• **TASK STATEMENT**:
When you copy the data that follows, reproduce every word exactly and leave out the images.

• **INPUT DATA**:
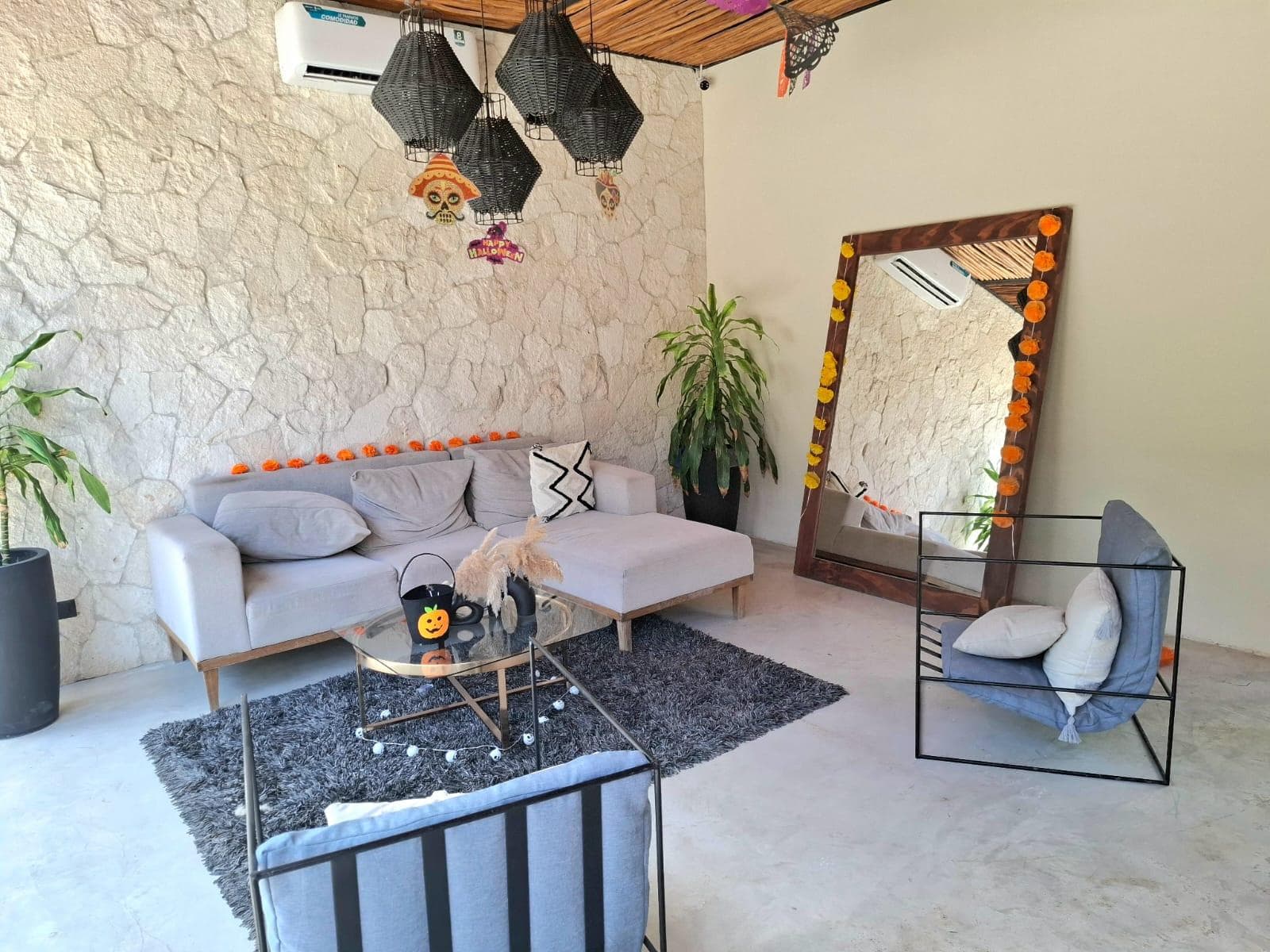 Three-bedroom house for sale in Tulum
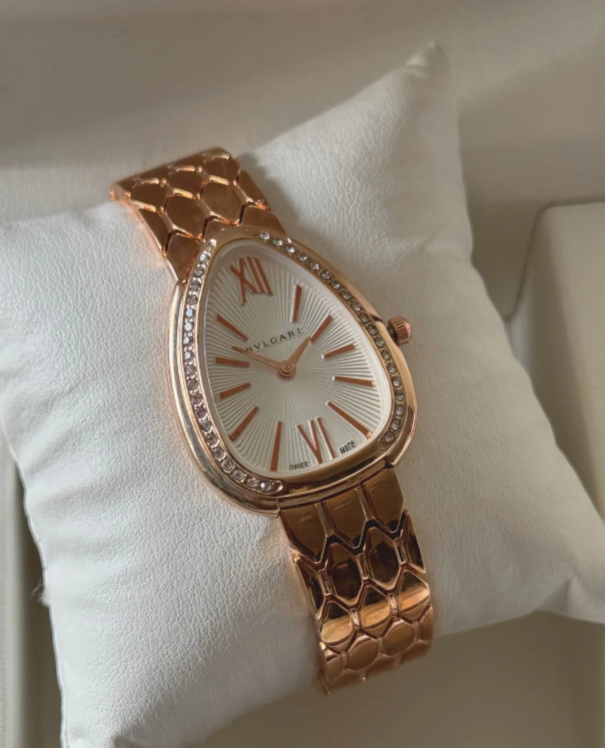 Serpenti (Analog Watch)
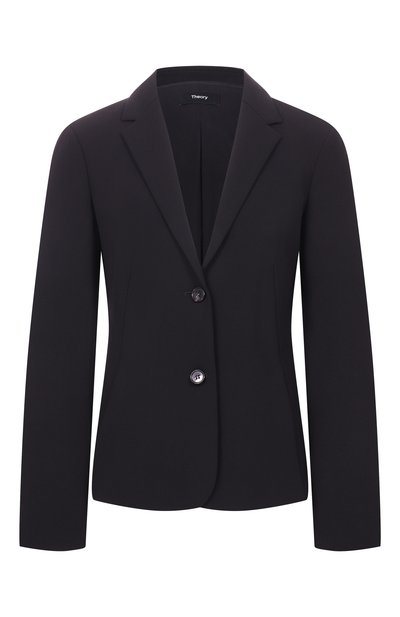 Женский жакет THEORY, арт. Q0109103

• **RESPONSE AREA**:
 Three-bedroom house for sale in Tulum
 Serpenti (Analog Watch)
 Женский жакет THEORY, арт. Q0109103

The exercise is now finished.